====== Dataset excerpts

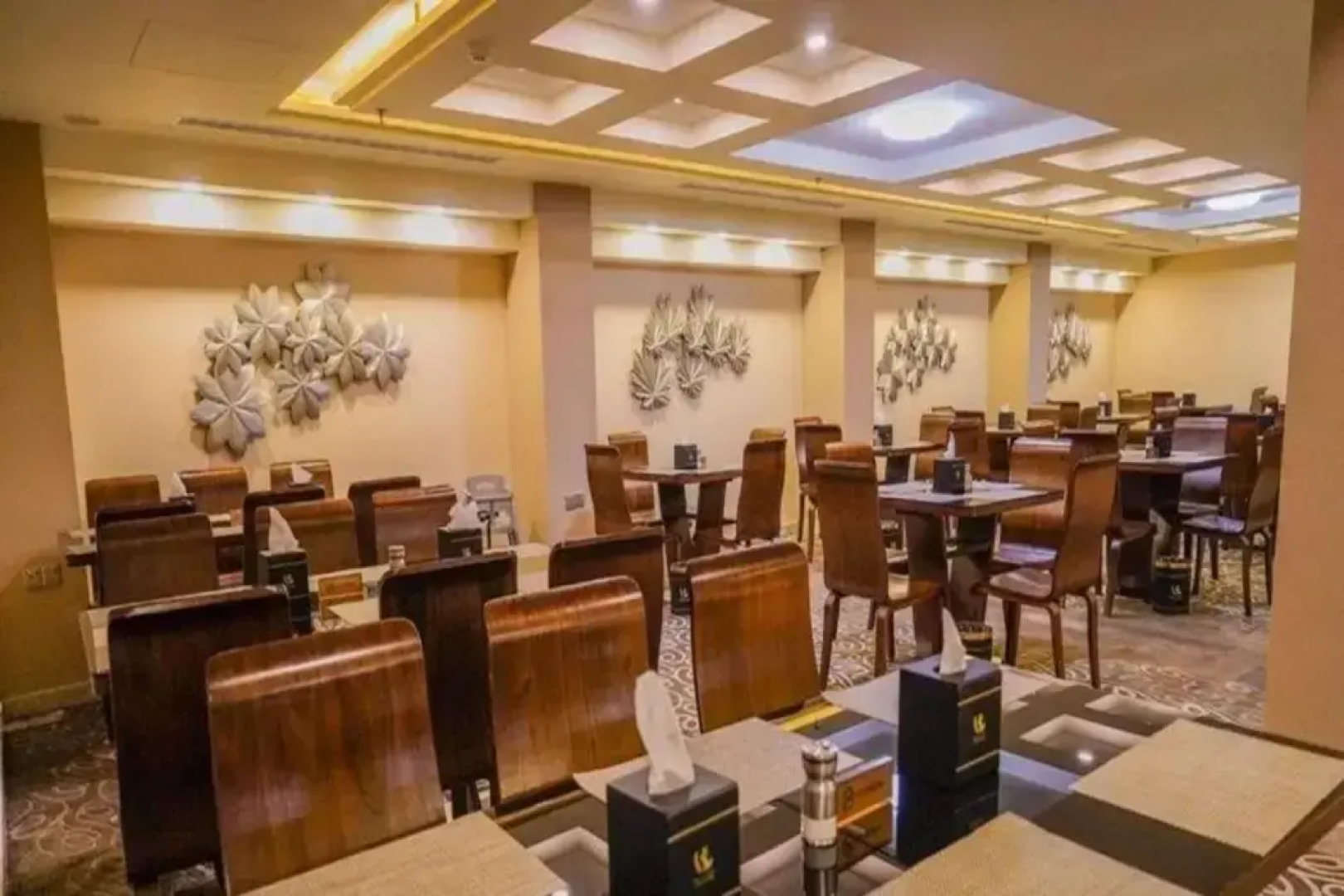 Al Sahla Land Hotel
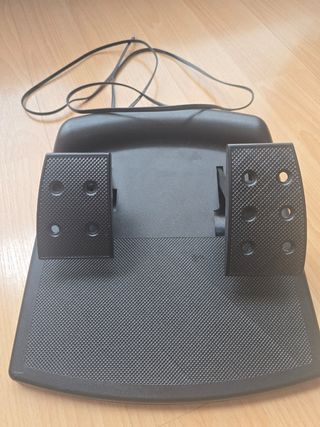 Volante Bigben PS2 con Pedales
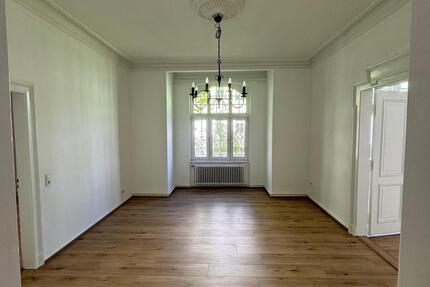Schöne Altbau-4-Zimmer-Wohnung in Dreiparteienhaus - Helmstedt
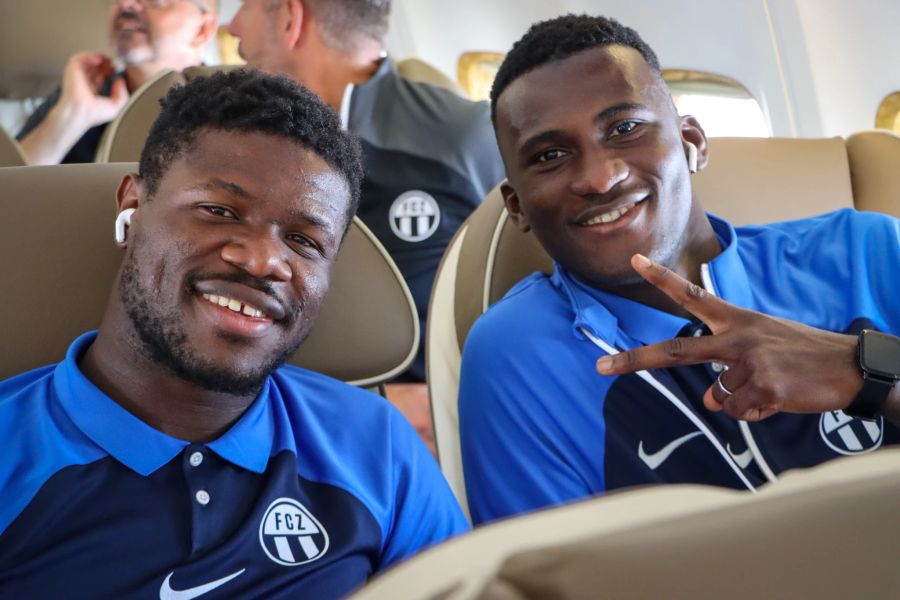 Aiyegun Tosin und Cheick Condé Im Flugzeug auf dem Weg nach Belfast.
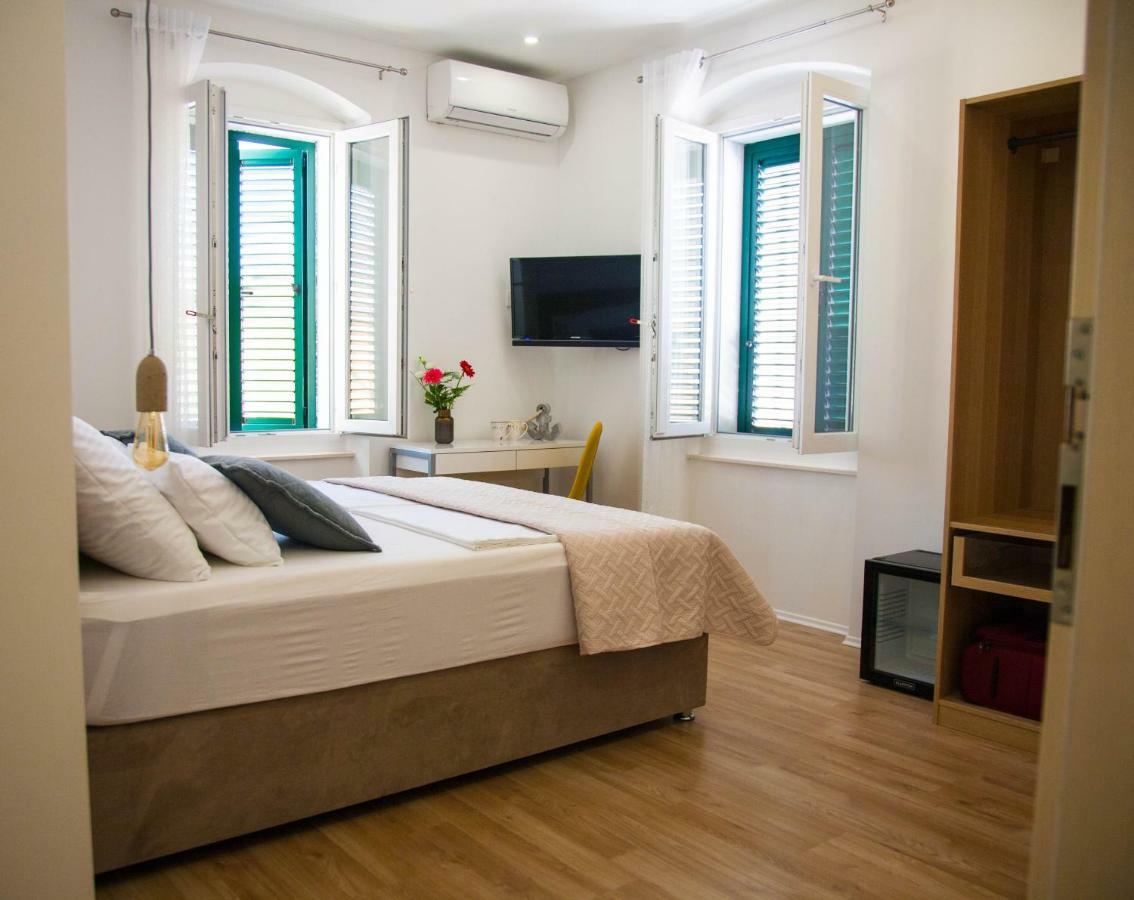 Soukki Town Centre Suites 1 Split Eksteriør billede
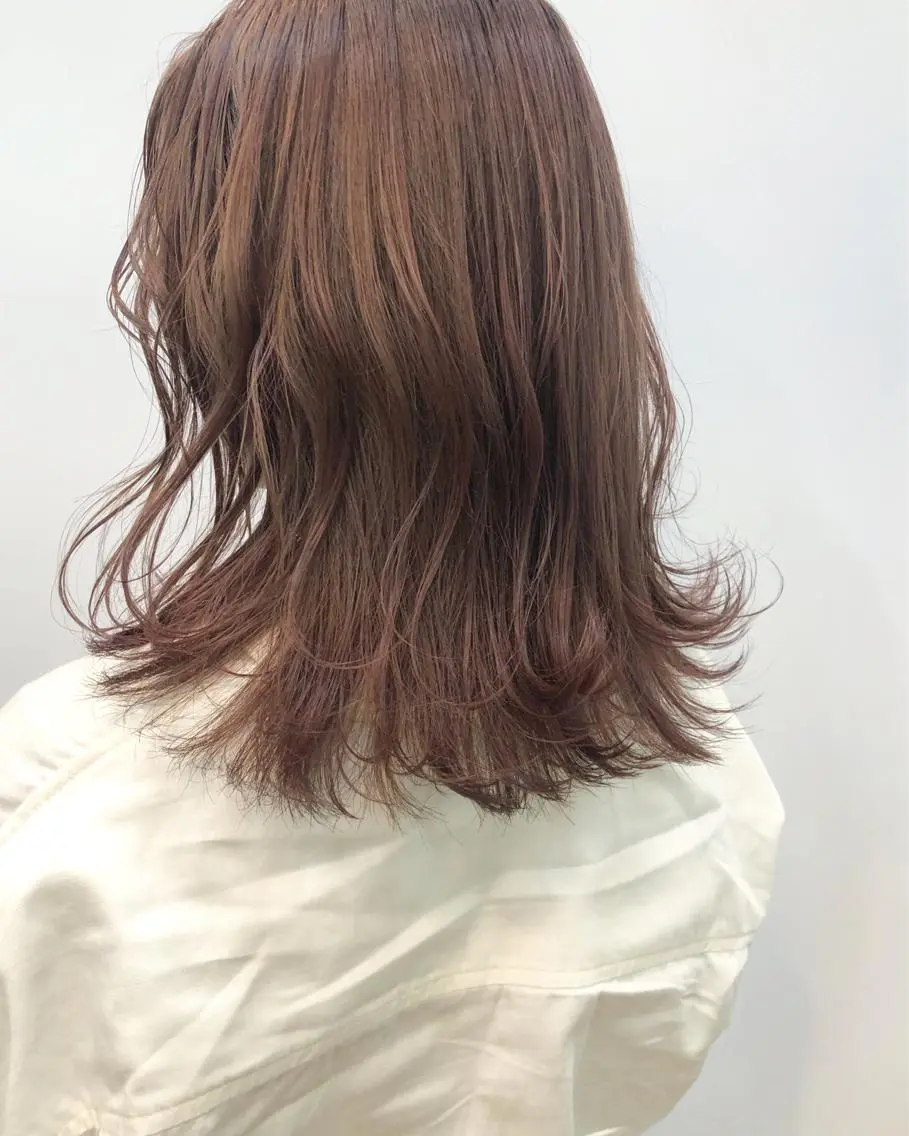 カラー ニシオカ タクヤのヘアスタイル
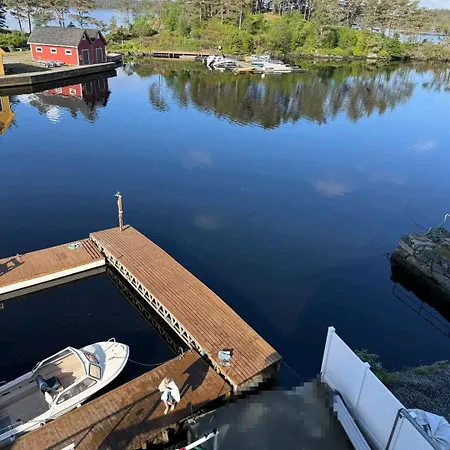 Boat Included, Waterfront Villa, Bergen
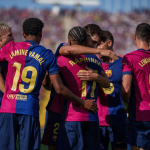 El Barça, reunido tras marcar un gol en Montjuïc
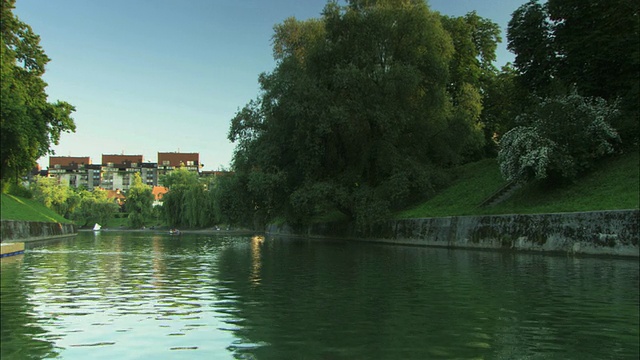 斯洛文尼亚卢布尔雅那河中航行的POV船视频下载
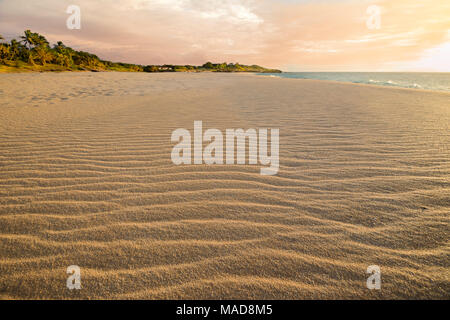 Wind Wellen in den Sand auf der zwei Kilometer lang, 300 Meter breit, Papohaku Strand an der Westküste von Molokai. Dies ist die längste Weiß - s Stockfoto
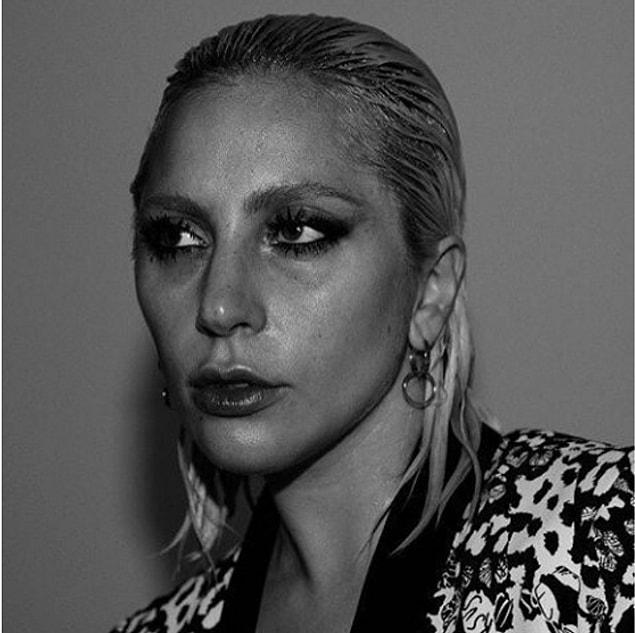7. Lady Gaga's photo shoot for V magazine. 😇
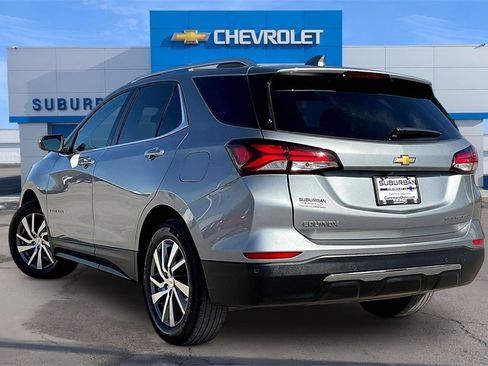 Used 2023 Chevrolet Equinox Premier image 12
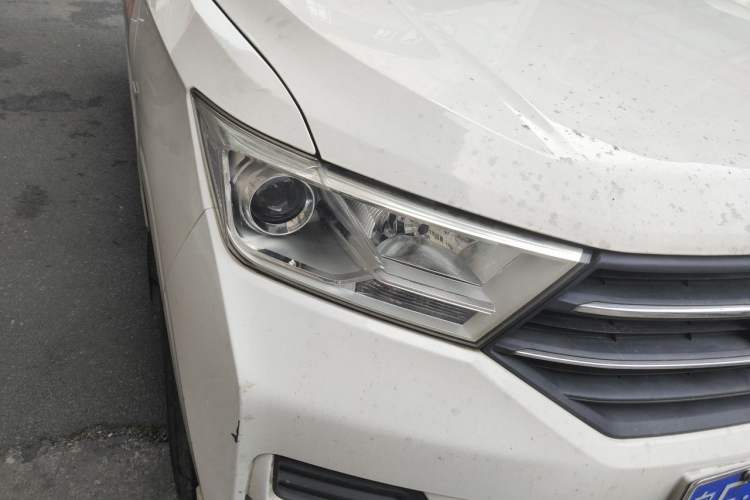 Used Wuling Hongguang 2018 1.5L S Comfort Model L2B Right Front Headlight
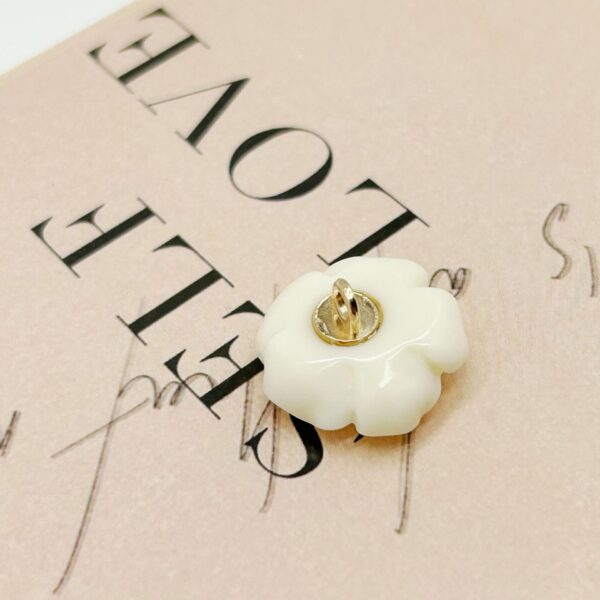 20/25mm Black White 3D Flower Buttons with Metal Shanks for Sweater Coat 50pcs - Image 2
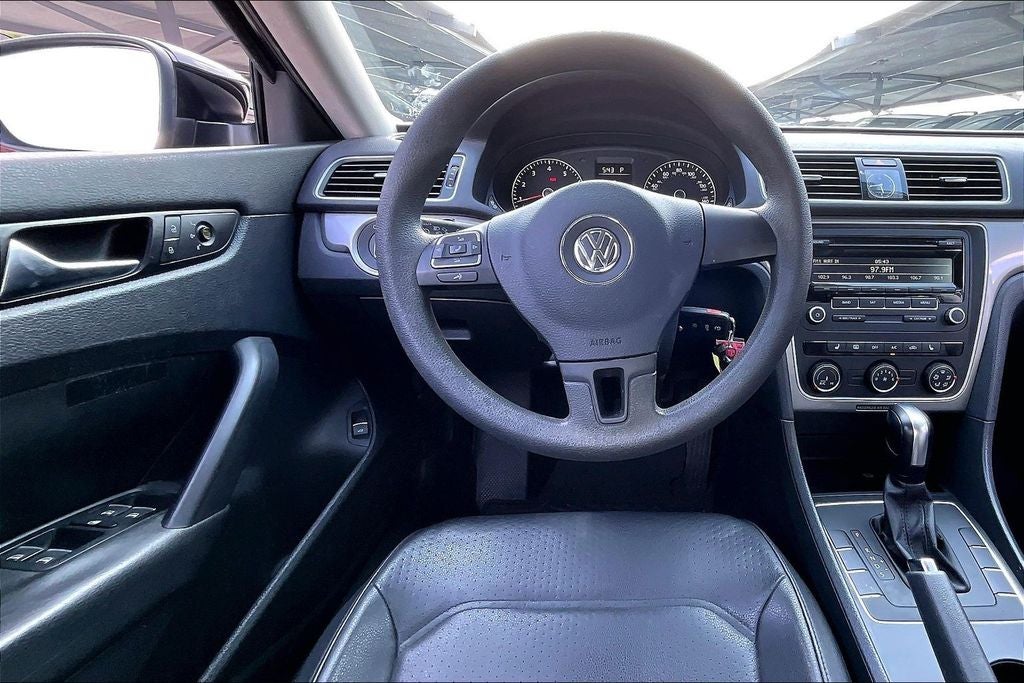 2013 Volkswagen Passat 2.5L Wolfsburg Edition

============

__Task to carry out__.
Print the material above word for word, first line through the line with "斯洛文尼亚卢布尔雅那河中航行的POV船视频下载", and leave every picture out.

__Exercise solution__.
 Al Sahla Land Hotel
 Volante Bigben PS2 con Pedales
Schöne Altbau-4-Zimmer-Wohnung in Dreiparteienhaus - Helmstedt
 Aiyegun Tosin und Cheick Condé Im Flugzeug auf dem Weg nach Belfast.
 Soukki Town Centre Suites 1 Split Eksteriør billede
 カラー ニシオカ タクヤのヘアスタイル
 Boat Included, Waterfront Villa, Bergen
 El Barça, reunido tras marcar un gol en Montjuïc
 斯洛文尼亚卢布尔雅那河中航行的POV船视频下载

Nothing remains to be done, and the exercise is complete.